There are, fortunately, a couple of choice treats under this economic trick.
The one candy item of interest this year are these eyeball lollipops, which, simple as they are, are way too cool to eat. I love that they're uncolored except for the cornea, which indicates the flavor of the whole pop.
These tiny candy pellet dispensers are a major holiday tradition these days, and this is a pretty diverse and interesting set. My favorite is the skull sticking up from a whole dusty bone pile, into which it spits candies while flashing its eyes and emitting the standard electronic ghost noise. I picked one up with bright green bones, but I might get one of the more realistic skulls as well. The other three designs are all fairly adorable, especially the puking cyclops, but one thing unsettles me: the witch, the little child-like witch, is the one they chose to dispense candy from its ass.
I have to say I'm not a big chip lover, but I almost wish I were so I'd have a good reason to buy three gigantic boxes of assorted snacks and form a complete snack-happy mummy on top of the refrigerator.
These tongue-snapping, bloodshot reptile candy tubes were also available as Easter items, but in more Easter-appropriate pastels and yellows. They're much more appropriate for Halloween, and the coolest one is obviously that crazy, orange frog.
As an interesting aside, I live off student loans and foodstamps right now because I am a parasite on society, and usually when you swipe a food stamp card it automatically pays for the food items first and separates inedible items to be paid for out of your own pocket, which is a fair system and I'm happy to do it that way, but as it turns out, plastic frogs with gumballs in them are recognized as food. I bought these idiotic things with government handout money. Take THAT, economy!

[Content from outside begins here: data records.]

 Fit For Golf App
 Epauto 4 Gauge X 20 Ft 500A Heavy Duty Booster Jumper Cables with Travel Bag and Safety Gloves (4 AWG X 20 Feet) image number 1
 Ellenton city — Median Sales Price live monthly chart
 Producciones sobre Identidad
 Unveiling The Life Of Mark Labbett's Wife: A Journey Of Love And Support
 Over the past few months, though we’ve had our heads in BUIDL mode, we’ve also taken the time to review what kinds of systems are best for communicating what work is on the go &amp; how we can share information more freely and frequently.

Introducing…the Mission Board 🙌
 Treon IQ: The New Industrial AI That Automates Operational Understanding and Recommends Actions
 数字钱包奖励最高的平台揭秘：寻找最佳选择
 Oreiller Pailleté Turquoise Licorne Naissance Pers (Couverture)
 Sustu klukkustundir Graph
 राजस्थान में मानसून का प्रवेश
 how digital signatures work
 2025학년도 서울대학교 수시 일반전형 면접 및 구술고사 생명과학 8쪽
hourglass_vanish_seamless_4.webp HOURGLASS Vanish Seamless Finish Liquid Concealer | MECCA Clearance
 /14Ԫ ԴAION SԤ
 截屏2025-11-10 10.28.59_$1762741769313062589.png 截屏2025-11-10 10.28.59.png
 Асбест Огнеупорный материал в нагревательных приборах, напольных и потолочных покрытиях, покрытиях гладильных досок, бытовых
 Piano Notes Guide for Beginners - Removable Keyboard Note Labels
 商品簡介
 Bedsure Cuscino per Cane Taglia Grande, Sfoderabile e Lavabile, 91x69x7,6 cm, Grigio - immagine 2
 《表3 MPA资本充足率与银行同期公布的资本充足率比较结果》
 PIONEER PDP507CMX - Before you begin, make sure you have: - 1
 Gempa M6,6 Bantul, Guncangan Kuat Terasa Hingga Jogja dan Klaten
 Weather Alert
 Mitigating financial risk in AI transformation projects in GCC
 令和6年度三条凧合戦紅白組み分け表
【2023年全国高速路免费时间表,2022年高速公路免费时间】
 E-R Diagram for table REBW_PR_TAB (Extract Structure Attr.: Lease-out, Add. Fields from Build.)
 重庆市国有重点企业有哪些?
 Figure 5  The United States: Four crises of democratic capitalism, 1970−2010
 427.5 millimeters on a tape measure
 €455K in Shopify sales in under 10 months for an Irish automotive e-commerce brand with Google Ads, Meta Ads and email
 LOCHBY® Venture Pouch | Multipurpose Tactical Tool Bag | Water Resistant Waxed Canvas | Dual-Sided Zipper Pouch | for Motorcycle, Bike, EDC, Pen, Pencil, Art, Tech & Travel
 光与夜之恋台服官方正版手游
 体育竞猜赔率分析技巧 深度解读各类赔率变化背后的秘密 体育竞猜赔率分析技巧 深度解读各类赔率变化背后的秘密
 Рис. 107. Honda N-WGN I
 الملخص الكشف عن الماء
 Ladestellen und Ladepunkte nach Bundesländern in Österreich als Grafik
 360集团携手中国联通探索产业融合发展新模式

The general-purpose Halloween aisle brings us a small selection of Halloween toys, and I've always been a sucker for wind-ups. The eyeball in particular is quite special, as hopping wind-up eyes are incredibly common, but walking wind-up eyes are almost unheard of. I also really enjoy the confused, lopsided look of the walking skull, and though they did offer some other, less exciting wind-ups, I can't help but think of these two as a distinct pair. Eyeball is the brains, the one who always seems to have a handle on the situation. Skull is more of a follower and a bit of a simpleton, but he has a big heart and he keeps eyeball out of trouble.
Perhaps the neatest Wal Mart toys this year are these so called "bug eye buddies," offered in orange mummy and purple vampire cat flavors.
Obviously, I find the mummy the cooler of the two. You really have to give them a pretty good squeeze for the eyes to protrude, though it's definitely easier than Target's buggy-eye monsters. Wait...did I mention those yesterday in the Target blog? Oh no!
Yes, by strange coincidence (?) both Wal Mart and their competitor Target are offering nearly identical rubber bug-eye monsters, though Target's are limbless, allowing them to stand of their own accord.
Unfortunately, the amputee bug-eyes suffer from some rather shoddy craftsmanship, as it requires an enormous effort to bulge the oculars even this negligibly. They're still quite charming for only a dollar, which is a whole dollar less than Wal Mart's.